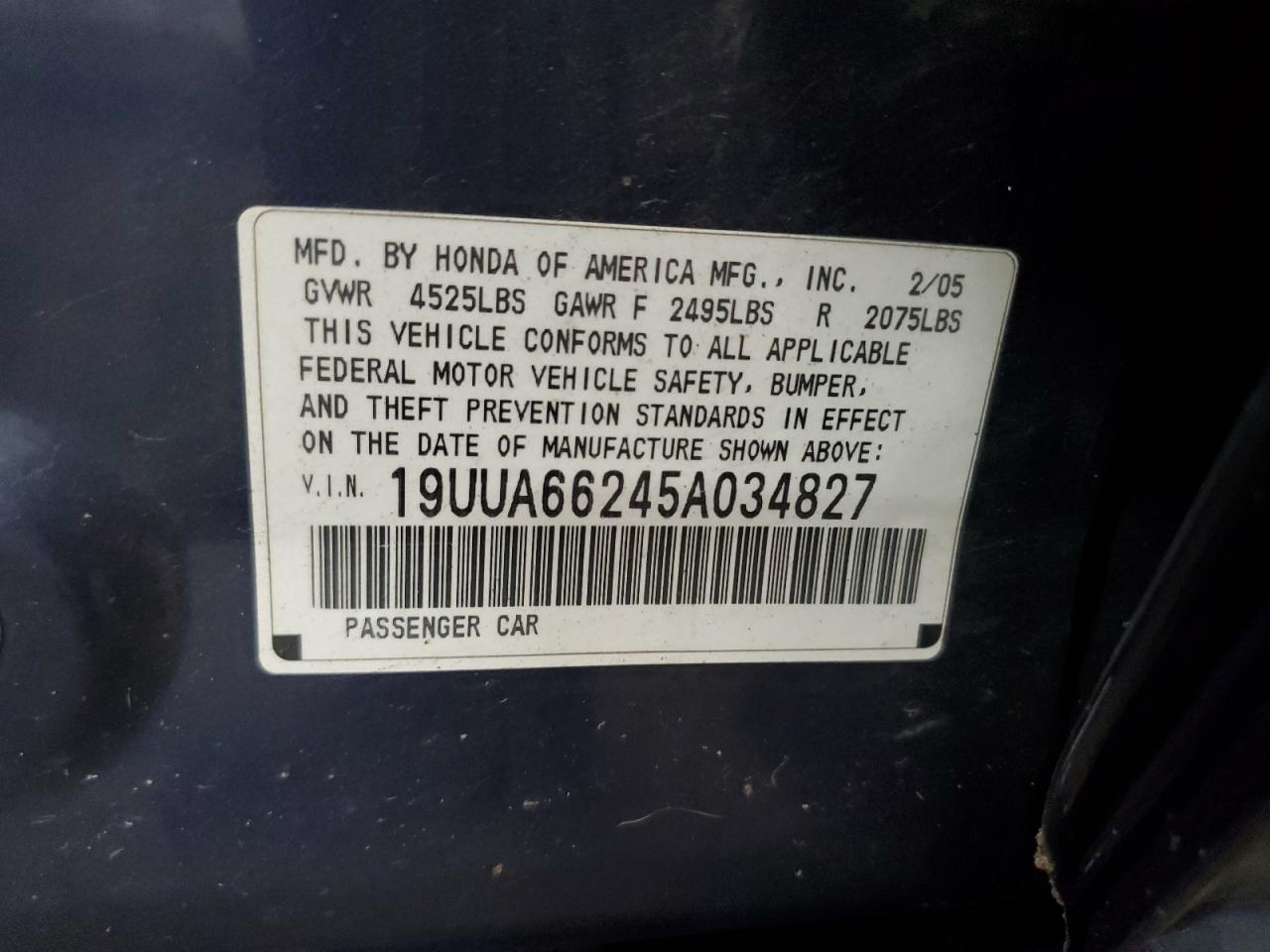 ACURA TL 2005 VIN 19UUA66245A034827 фото 12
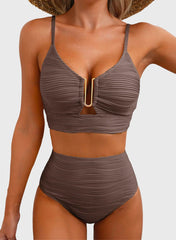 Emo - 2026 Summer Two Piece Bikini Set U-Wire Cutout High Waisted Swimsuit-Black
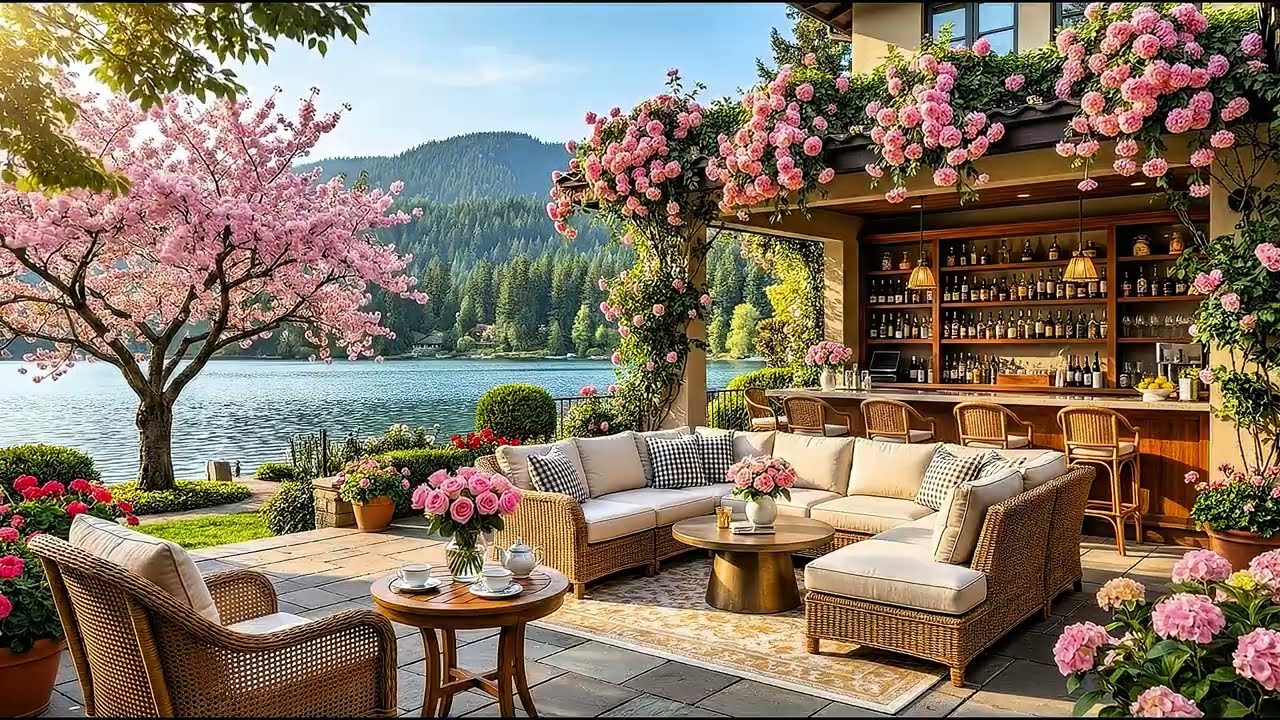 Stress Relief With Gentle Jazz In Riverside | Peaceful Outdoor Cafe with Gentle Jazz Melody To Relax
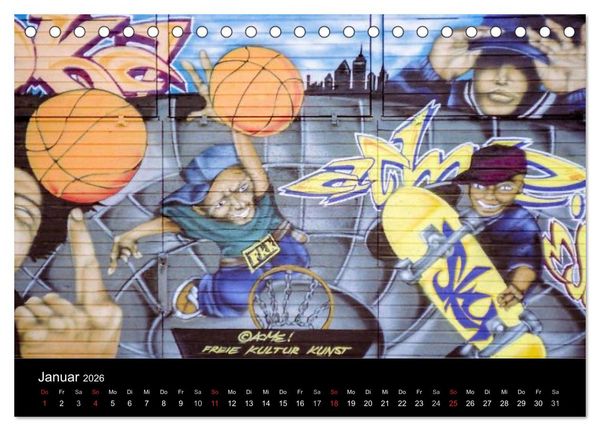 Produktbild: Graffiti - Kunst aus der Dose (Tischkalender 2026 DIN A5 quer), CALVENDO Monatskalender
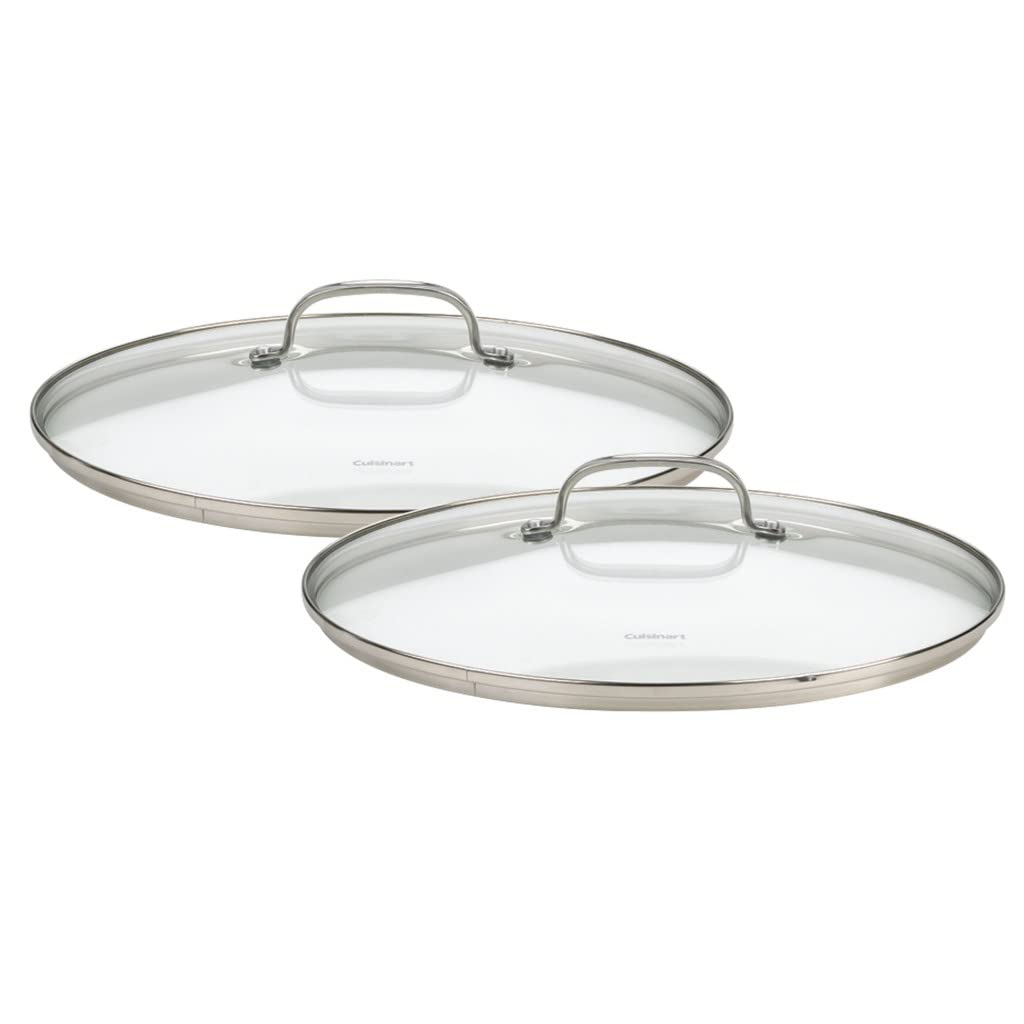 Cuisinart 71-2228CG Chef's Classic Stainless 2-Piece Glass Lid Set,9" & 11" Glass covers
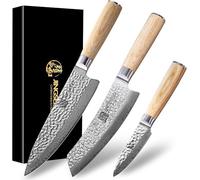 Cuchillo de cocina japonés, fabricado con acero damasco auténtico, VG-10 y con 67 capas. Ofrece un filo excepcional y una gran durabilidad. Ideal para cocinar, tipo Santoku o cuchillo de pelar. Perfec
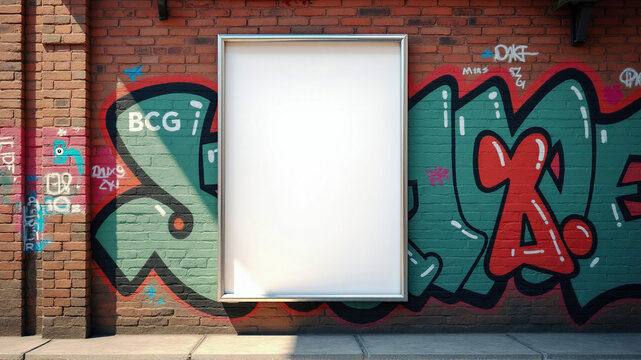 Blank poster frame centered on a colorful graffiti-covered brick wall. Ideal for advertising, street art projects, or urban-themed designs. Represents creativity and urban culture
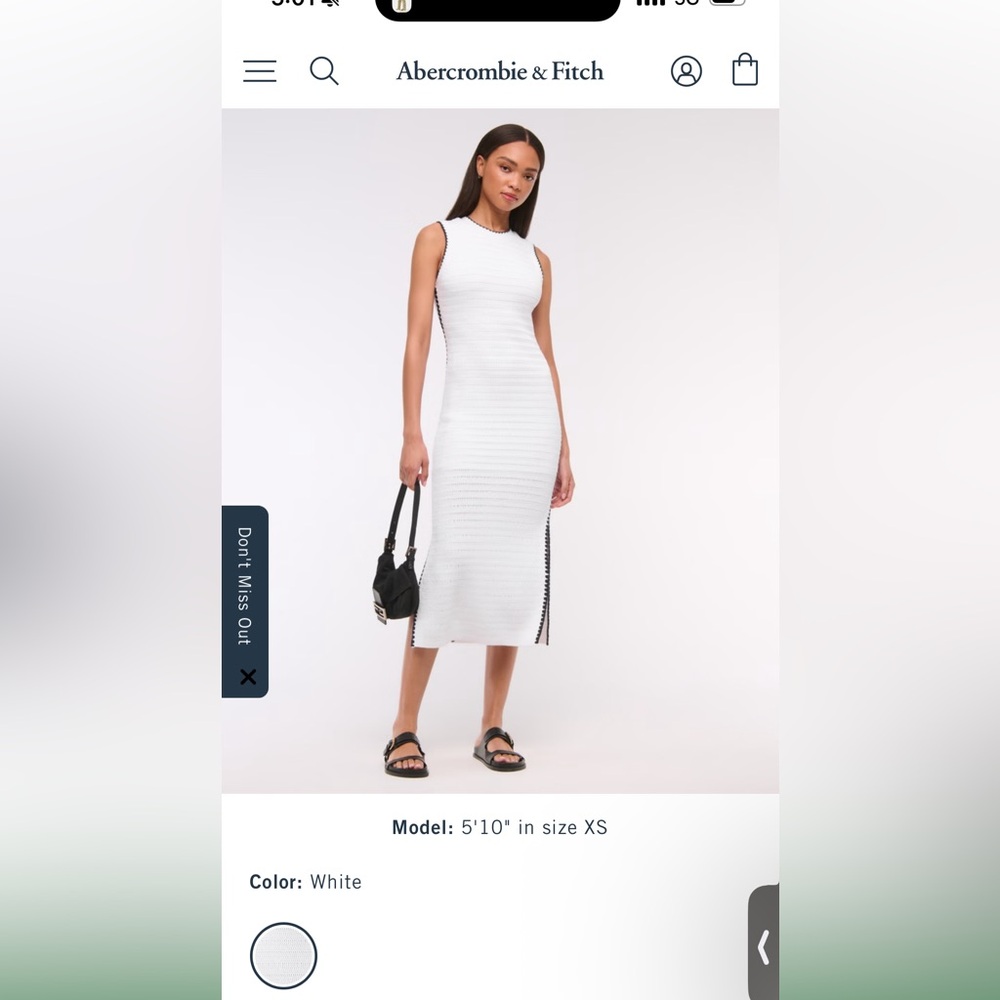 Abercrombie & Fitch White Midi Dress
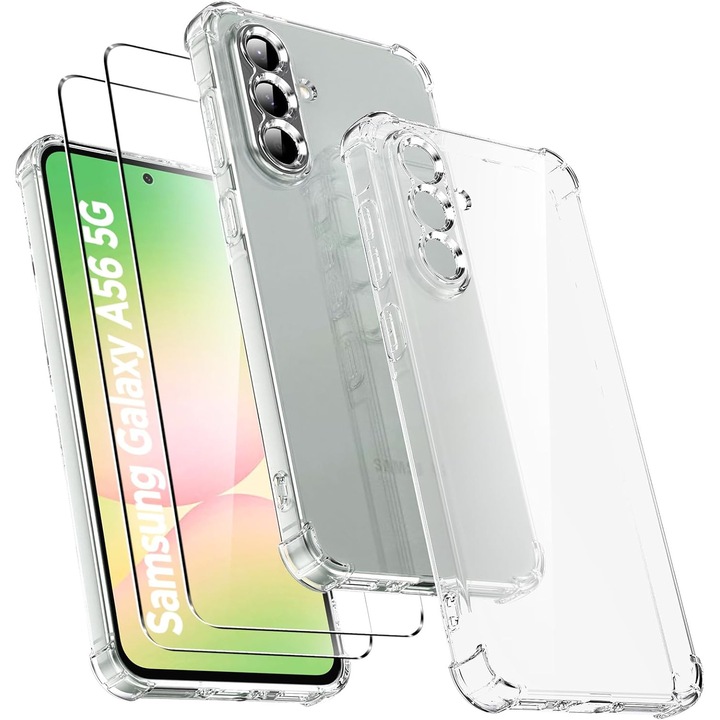 Кейс за телефон за Samsung Galaxy A56 5G, с 2 броя закалено стъклено протектор за екрана, устойчив на изпускане, мек и прозрачен, ултратънък и лек, удобен захват, Oududianzi, TPU/силикон, прозрачен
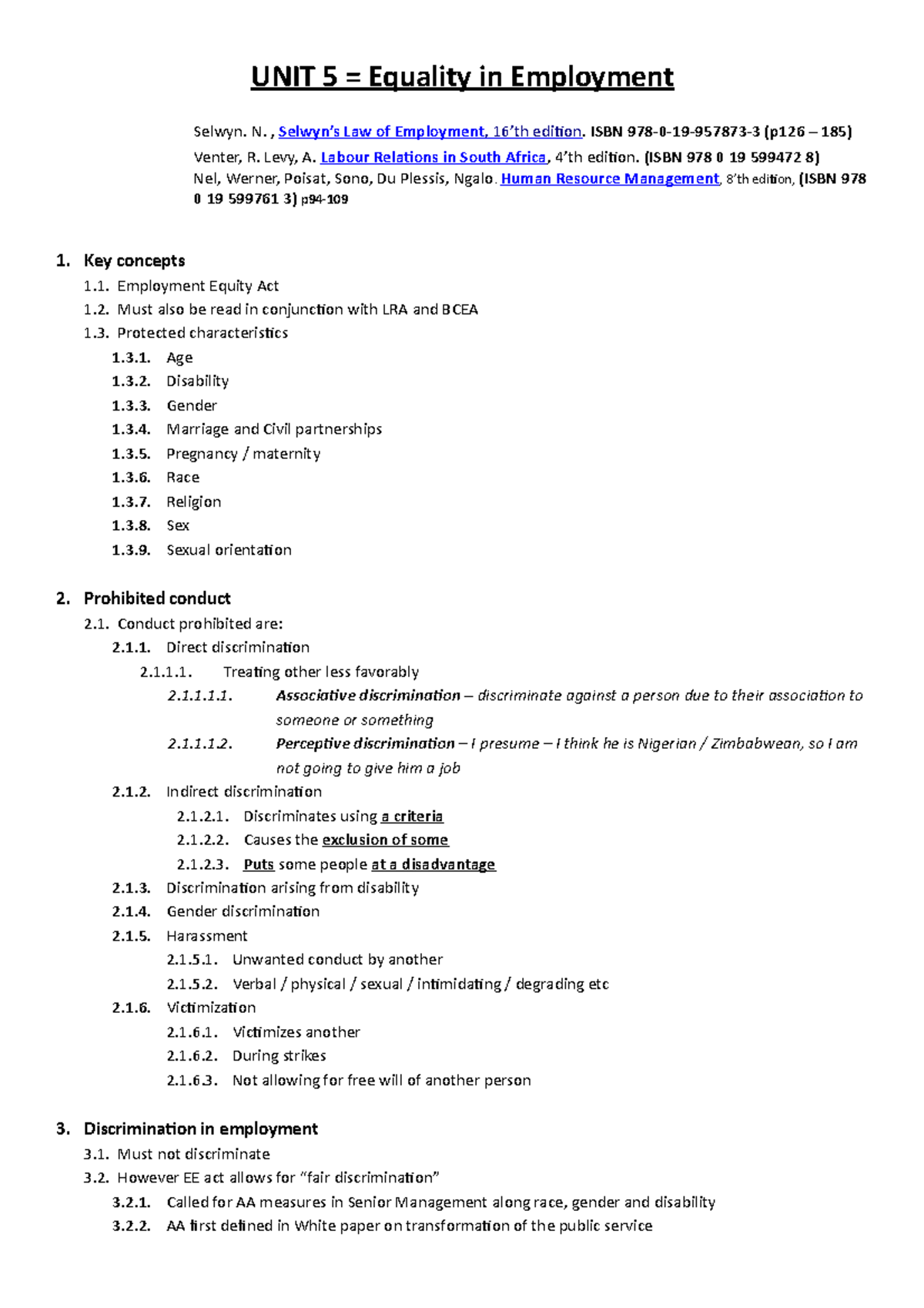 HRM 216 - (IPS 212) - Unit 5 - Equality in Employment - UNIT 5 ...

_ _ _ _ _ _ _

Write all the lines above out again exactly, minus the images.

**Problem solution**
 ACURA TL 2005 VIN 19UUA66245A034827 фото 12
 Emo - 2026 Summer Two Piece Bikini Set U-Wire Cutout High Waisted Swimsuit-Black
 Stress Relief With Gentle Jazz In Riverside | Peaceful Outdoor Cafe with Gentle Jazz Melody To Relax
 Produktbild: Graffiti - Kunst aus der Dose (Tischkalender 2026 DIN A5 quer), CALVENDO Monatskalender
 Cuisinart 71-2228CG Chef's Classic Stainless 2-Piece Glass Lid Set,9" & 11" Glass covers
 Cuchillo de cocina japonés, fabricado con acero damasco auténtico, VG-10 y con 67 capas. Ofrece un filo excepcional y una gran durabilidad. Ideal para cocinar, tipo Santoku o cuchillo de pelar. Perfec
 Blank poster frame centered on a colorful graffiti-covered brick wall. Ideal for advertising, street art projects, or urban-themed designs. Represents creativity and urban culture
 Abercrombie & Fitch White Midi Dress
 Кейс за телефон за Samsung Galaxy A56 5G, с 2 броя закалено стъклено протектор за екрана, устойчив на изпускане, мек и прозрачен, ултратънък и лек, удобен захват, Oududianzi, TPU/силикон, прозрачен
 HRM 216 - (IPS 212) - Unit 5 - Equality in Employment - UNIT 5 ...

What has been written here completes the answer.